Ceci explique sans doute pourquoi les acteurs coréens superstars en Asie n’accèdent qu’à des rôles simplistes et caricaturaux lorsqu’ils décident de franchir le Pacifique :
Jung Ji-hoon (Rain) : Ninja. (aka guerrier espion japonais). (Ninja Assassin)
Lee Byung-Hun : Storm Shadow, expert en arts martiaux (G.I. Joe)
Jun Ji Hyun (renommée Gianna Jun pour faire plaisir aux américains) : vampire maniant le sabre au Japon : Blood the last vampire.
Jang Dong-gun : guerrier assassin (The Warrior’s way). Bon ok, le film est néo-zélandais à la base ^^
Rain explique très bien ce phénomène discriminant : Les asiatiques ont leur culture, mais les occidentaux ne semblent intéressés que par l’aspect art martiaux. Faites un sondage autour de vous, c’est bluffant. De même les Dvds coréens qui viennent jusqu’à nous sont soit des œuvres primés dans des festivals, soit du cinéma d’action. Et le cinéma populaire, les comédies romantiques, et les mélos alors ?
- « cosmopolitisme (citoyenneté mondiale) ou multiculturalisme (cohabitation de différentes cultures) » ?
D’autres acteurs coréens s’orientent vers les films américains indépendants, comme Song Hye Kyo dans le film Fetish, avec un résultat plutôt catastrophique.
Jun-Ji Hyun n’a pas eu plus de succès avec Snow Flower and the secret fan, film adapté du best-seller de Lisa See.
En revanche, les collaborations américaines se font de plus en plus nombreuses, on citera notamment I come with the rain , avec Lee Byung Hun et Josh Hartnett.
Mais en attendant, c’est le cinéma asiatique qui transcende ses propres frontières : on ne compte plus les mélanges d’acteurs chinois, japonais et coréens dans les production à gros budget. Le rêve américain est-il à la portée des acteurs coréens ?

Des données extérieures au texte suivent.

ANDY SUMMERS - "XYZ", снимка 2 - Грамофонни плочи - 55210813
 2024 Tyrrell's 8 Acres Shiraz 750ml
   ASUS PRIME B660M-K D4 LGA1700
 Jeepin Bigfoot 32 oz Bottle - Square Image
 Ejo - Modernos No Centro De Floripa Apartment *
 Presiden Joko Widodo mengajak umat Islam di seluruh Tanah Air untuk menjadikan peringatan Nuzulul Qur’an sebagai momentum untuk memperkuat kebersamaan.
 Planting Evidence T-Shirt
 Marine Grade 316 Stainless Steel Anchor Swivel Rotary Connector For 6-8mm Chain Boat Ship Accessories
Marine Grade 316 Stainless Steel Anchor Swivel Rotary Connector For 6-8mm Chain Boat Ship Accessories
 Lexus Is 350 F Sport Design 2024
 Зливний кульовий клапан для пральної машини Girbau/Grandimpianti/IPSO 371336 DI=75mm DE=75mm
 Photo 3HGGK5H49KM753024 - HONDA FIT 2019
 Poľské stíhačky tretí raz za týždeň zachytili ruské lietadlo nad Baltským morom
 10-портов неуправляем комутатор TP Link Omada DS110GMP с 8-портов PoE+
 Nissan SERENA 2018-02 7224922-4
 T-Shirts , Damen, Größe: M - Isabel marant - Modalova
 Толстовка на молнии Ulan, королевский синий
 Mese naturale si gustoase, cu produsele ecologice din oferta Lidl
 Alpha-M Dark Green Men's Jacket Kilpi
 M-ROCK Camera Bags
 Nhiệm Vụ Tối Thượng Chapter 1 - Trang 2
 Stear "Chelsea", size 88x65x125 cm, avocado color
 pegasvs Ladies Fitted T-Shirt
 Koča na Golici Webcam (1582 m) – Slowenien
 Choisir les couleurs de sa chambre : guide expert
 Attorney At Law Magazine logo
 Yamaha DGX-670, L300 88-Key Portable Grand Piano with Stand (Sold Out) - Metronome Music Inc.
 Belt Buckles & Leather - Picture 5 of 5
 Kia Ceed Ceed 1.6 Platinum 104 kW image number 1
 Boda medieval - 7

La tendance de fond est là, mais il faudra peut-être attendre encore un peu, car la touche coréenne ne doit pas se noyer dans Hollywood (c’est l’erreur qu’a fait le cinéma hong-kongais, et il a eu du mal à s’en remettre). Au niveau des séries, malgré les rôles encore limités, la diversité est en marche. L’échec de Daniel Henney à la télévision (Three Rivers) ne masque pas la réussite de Daniel Dae Kim (Lost, Hawaii 5.0) ou de Sandra Oh (Grey’s Anatomy) , canadienne d’origine coréenne, qui ont tous deux su percer.